Son nom était déjà connu, notamment suite à la révélation de Thierry Ardisson sur le plateau de Salut les Terriens.

«Thierry Ardisson l'avait nommé, oui. Puis, il suffit de regarder la couverture de mon livre. C'est une photo de lui. Néanmoins, je pense qu'il était important que cela passe par moi aussi. Tout le monde parlait mais je devais le prononcer moi-même. C'était un grand pas.»

Comment avez-vous vécu l'écriture de votre livre?

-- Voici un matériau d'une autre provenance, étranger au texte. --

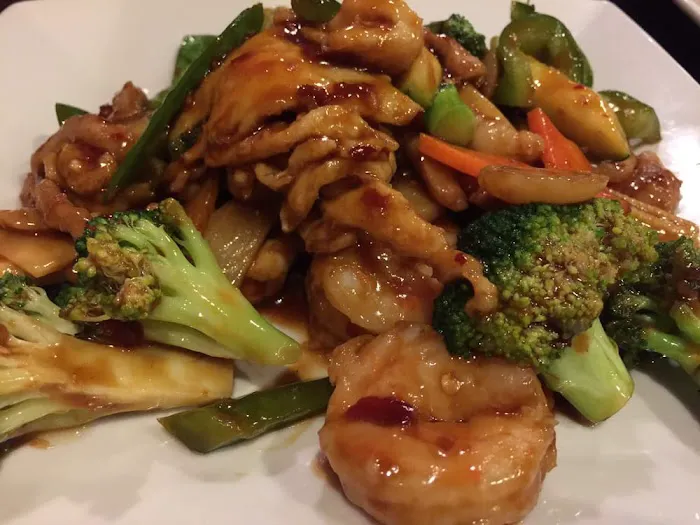Four Seasons Chinese Food and Sandwiches 4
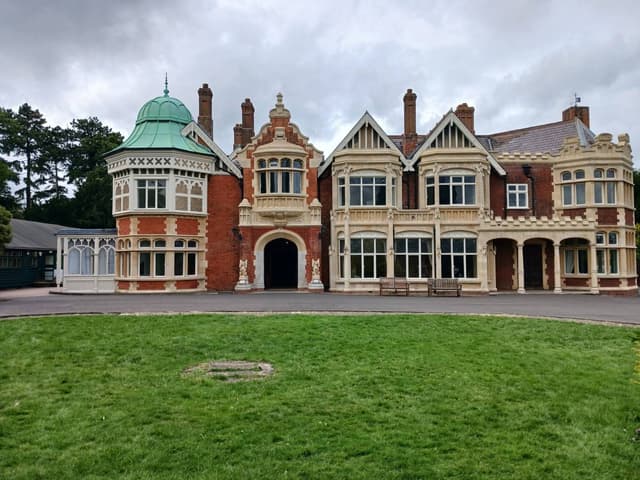 Photo 1 by Allan F. about hiring a Peugeot 2008 at London Airport Stansted (27/07/24)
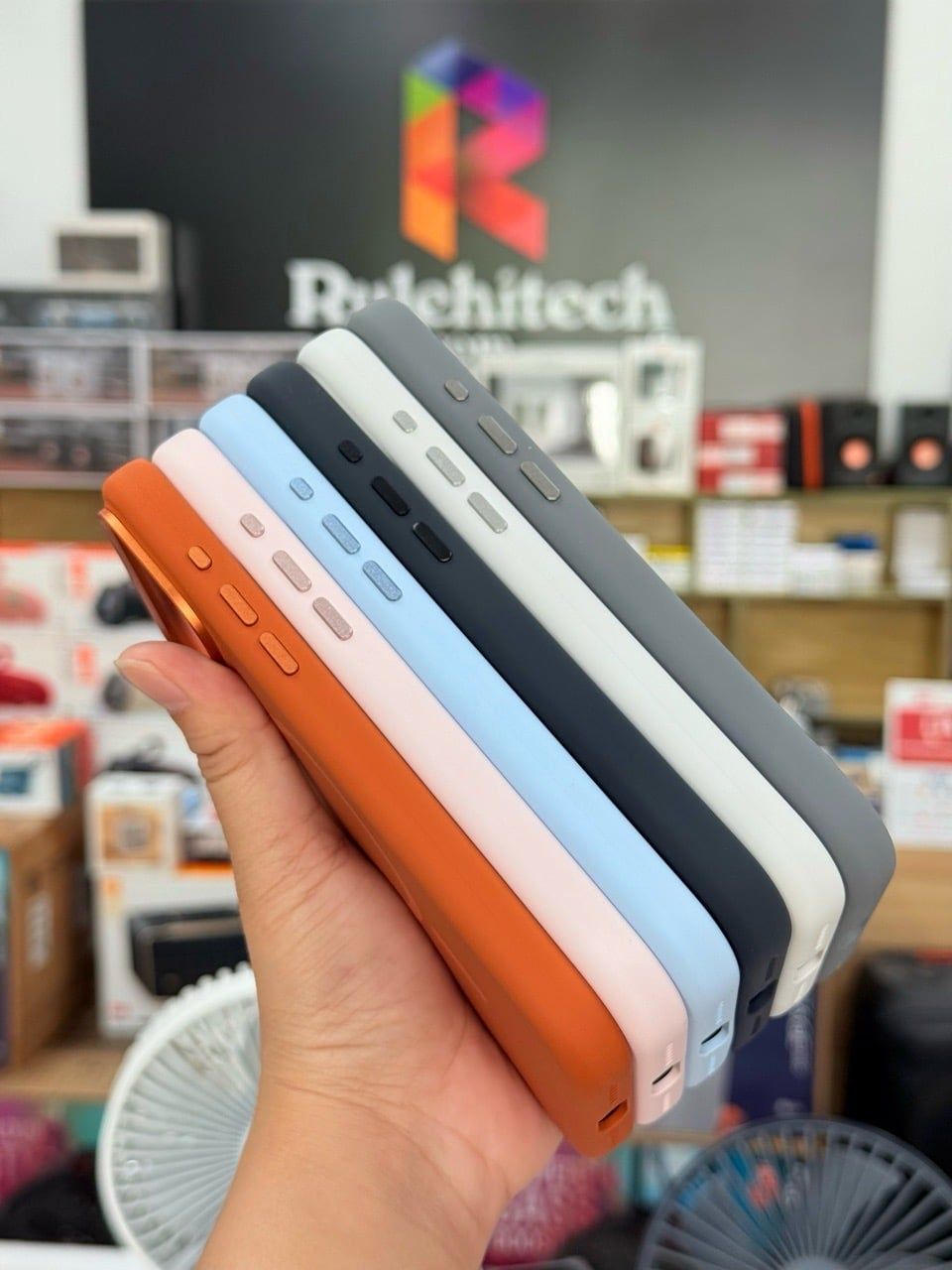  Ốp 17 Promax Mutural Silicon - Trắng 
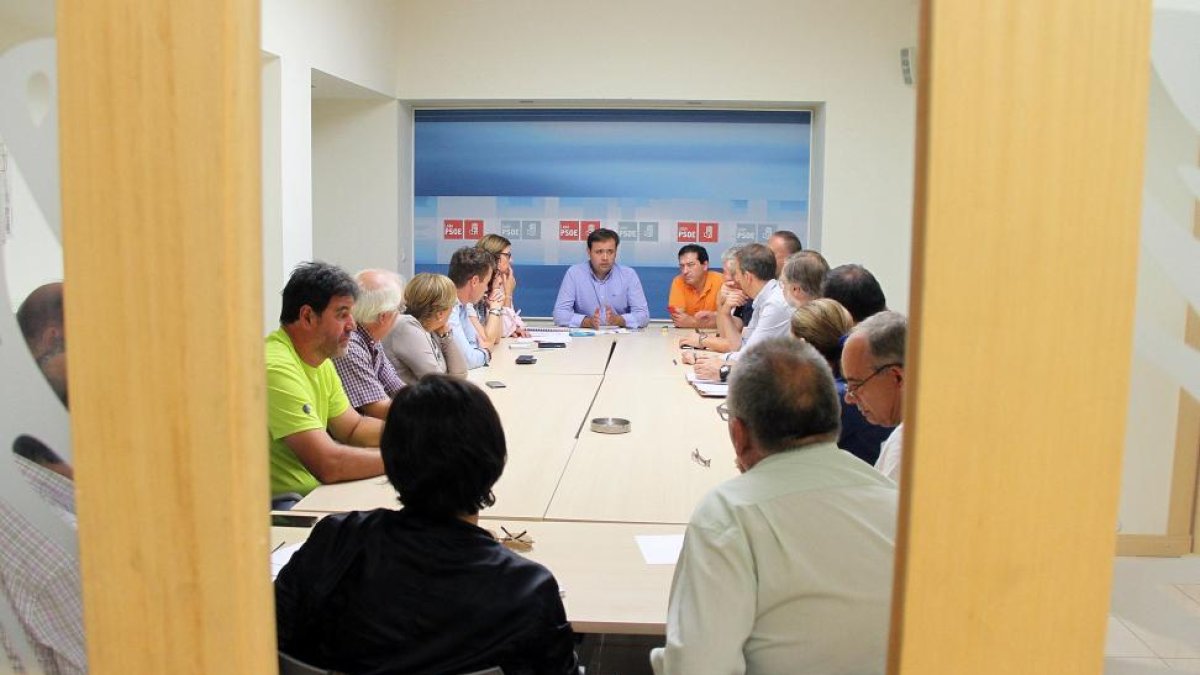 El secretario general del PSL-PSOE, Tino Rodríguez(C), preside una reunión con los alcaldes y portavoces socialistas de municipios mineros de León.-ICAL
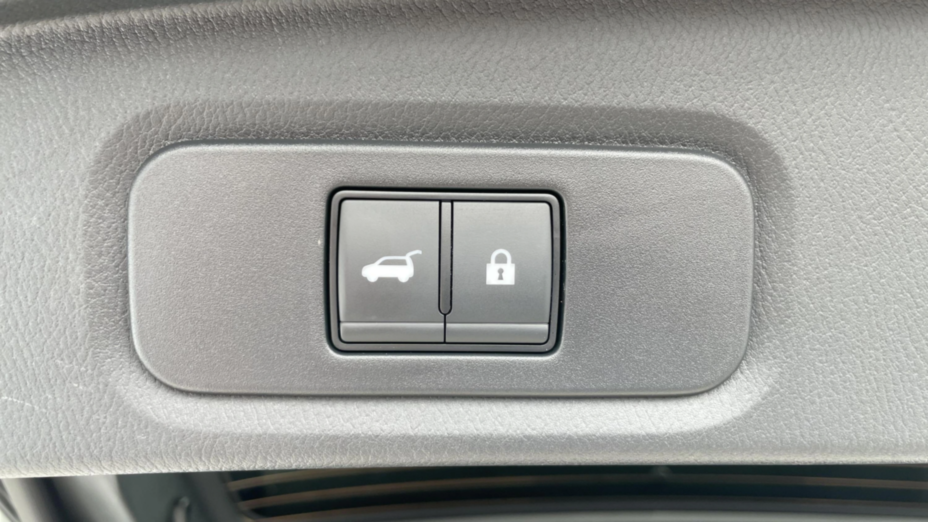 NISSAN Qashqai Qashqai 1.3 DIG-T mHEV N-Connecta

«Le livre a aidé. Il a aidé à faire remonter des souvenirs, à faire parler. Il a été une façon de mieux vivre. J'ai trouvé un moyen de m'alléger au fur et à mesure que les souvenirs revenaient à la surface. Il y a eu la phase de l'écriture. Mais il y a aussi sa sortie. Je vois ce qu'il provoque. Je voulais pointer du doigt non seulement un coupable mais aussi la loi française sur la prescription qui n'était pas la bonne. Je voulais aussi montrer que parfois la voix est muselée par un entourage familial qui est dans le déni. Aujourd'hui, il y a une étape suivante, qui est de le dire, d'en parler, d'inviter les gens à vraiment bien regarder ce qu'il fait et de faire face à mon bourreau. Car pour le coup, c'est vraiment ce que je suis en train de faire aujourd'hui: je fais face à mon bourreau.»

Il avait même répondu par voix de son avocat.

«Il n'a pas répondu à l'accusation frontale. Mais il a répondu car il y a eu un tel mouvement sur les réseaux sociaux qu'il s'est senti dépassé. Il a fait une sorte de droit de réponse écrit par un avocat, une sorte de menace de poursuites.»

D'autres victimes potentielles de David Hamilton sont venues vous voir. Comment cela s'est-il passé?

«L'ouvrage était à peine sorti qu'elles sont venues directement vers moi. C'était fou. ces rencontres ont été en même temps quelque chose de très beau et de très douloureux. Certaines n'avaient pas encore lu «La consolation», et quand elles me parlaient j'avais l'impression que c'était mon histoire. Il y avait des rituels, des modes opératoires. Nous avons vécu les mêmes traumatismes. Je suis portée par tout cela. Ce n'est pas seulement ma voix mais c'est aussi celle de toutes les victimes.»

Pour l'instant, ces femmes restent anonymes. Comptent-elles le rester?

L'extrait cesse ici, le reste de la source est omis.